Подобные примеры раздвоения мысли и слова можно найти, в частности, в заявлениях и поведении украинских руководителей и народных избранников. Они подтверждают слова М. Мамардашвили, вынесенные в эпиграф, так как природа многих нынешних явлений, как констатировал он, языкового происхождения. Когда язык опережает внутреннее развитие субъекта, который им пользуется. Своего рода «ускорение реальности» с помощью языковых средств.
Виновато не село, а система, которая разрушила «правильную модель — самоорганизацию».

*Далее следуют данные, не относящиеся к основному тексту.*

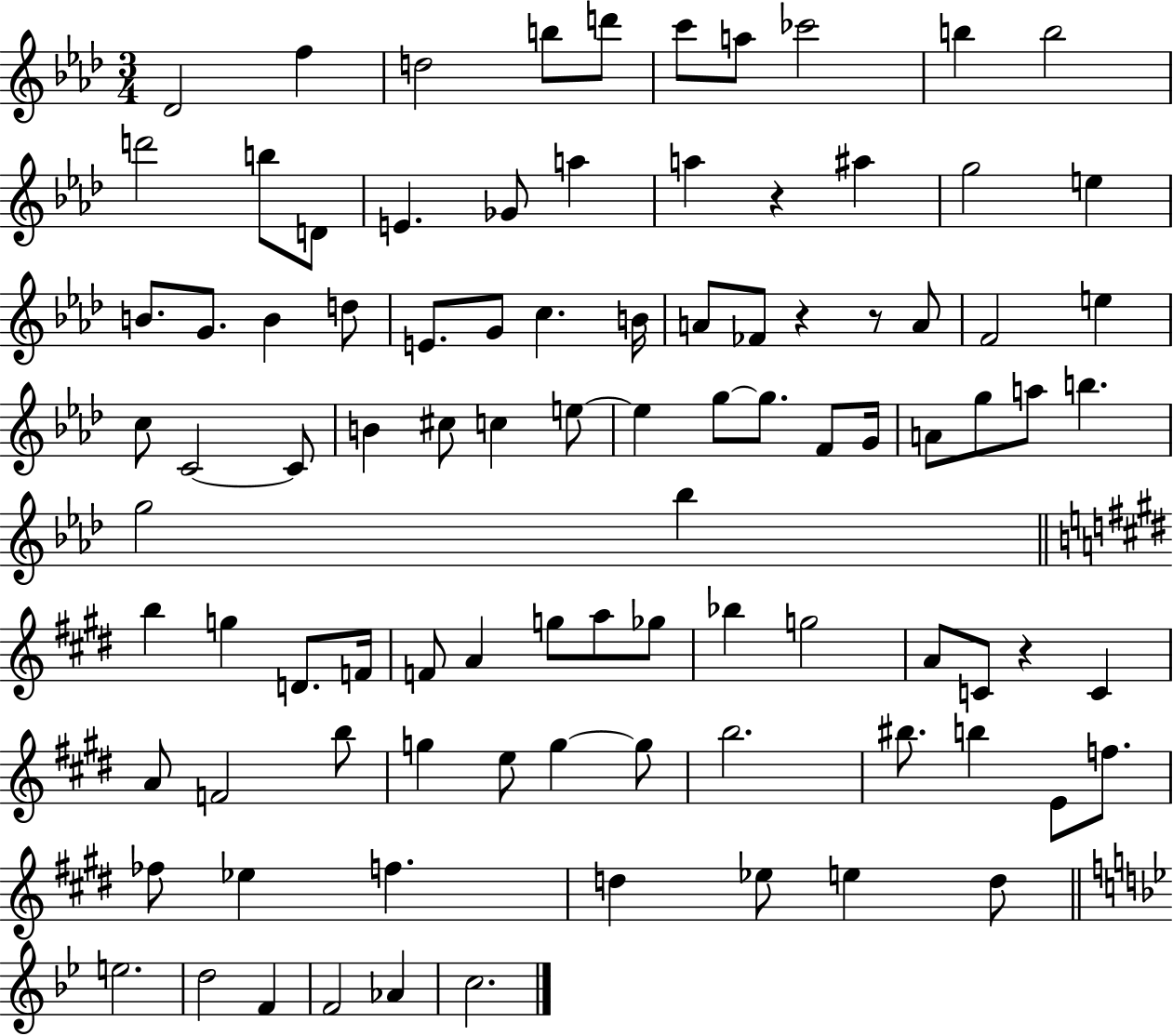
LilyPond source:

{
  \clef treble
  \numericTimeSignature
  \time 3/4
  \key aes \major
  des'2 f''4 | d''2 b''8 d'''8 | c'''8 a''8 ces'''2 | b''4 b''2 | \break d'''2 b''8 d'8 | e'4. ges'8 a''4 | a''4 r4 ais''4 | g''2 e''4 | \break b'8. g'8. b'4 d''8 | e'8. g'8 c''4. b'16 | a'8 fes'8 r4 r8 a'8 | f'2 e''4 | \break c''8 c'2~~ c'8 | b'4 cis''8 c''4 e''8~~ | e''4 g''8~~ g''8. f'8 g'16 | a'8 g''8 a''8 b''4. | \break g''2 bes''4 | \bar "||" \break \key e \major b''4 g''4 d'8. f'16 | f'8 a'4 g''8 a''8 ges''8 | bes''4 g''2 | a'8 c'8 r4 c'4 | \break a'8 f'2 b''8 | g''4 e''8 g''4~~ g''8 | b''2. | bis''8. b''4 e'8 f''8. | \break fes''8 ees''4 f''4. | d''4 ees''8 e''4 d''8 | \bar "||" \break \key bes \major e''2. | d''2 f'4 | f'2 aes'4 | c''2. | \break \bar "|."
}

Что дальше? Поскольку Украина не прошла (и уже не пройдет) через горнило «декоммунизации», а институт люстрации, как действует он, скажем, в Польше или Чехии — будем реалистами — в Украине также невыполним, то следует, по моему мнению, заняться саморефлексией на почве универсальных этических ценностей. 10 лет назад белорусский писатель Василий Быков предложил довольно простое средство: «попытку устыдиться».
Начать размышлять, например, над такими вопросами: из чего система была сделана, почему длилась так долго, что делало ее такой прочной, вездесущей, наконец — «нормальной», реальной, и даже — «родной». Каким было мое место и роль в этой системе и что я могу (должен!) сегодня сделать, чтобы содействовать возрождению правильной модели общества — САМООРГАНИЗАЦИИ. Если это возможно, если чувство стыда для верхов и низов украинского общества не является чем-то абстрактным, «архаическим», то можно выбраться из трясины. Тем более, что, как считает социолог Е. Головаха, политическая культура украинского электората не так уж и низка, «преобладает рациональный политический выбор, в основе которого лежат не эмоциональные мотивы, не настроения, а прежде всего рациональная аргументация», которая, прибавляет он, «часто может быть ошибочной».
Но это относится ко всем обществам, так как ответственность за целое и осознание, что государство есть продукт непосредственного творчества миллионов, а не внешней, грязной, капризной силы, дается в муках. Этот процесс не завершен даже в наиболее демократичных и наиболее либеральных странах. Самый свежий пример — последние в этом тысячелетии президентские выборы в США.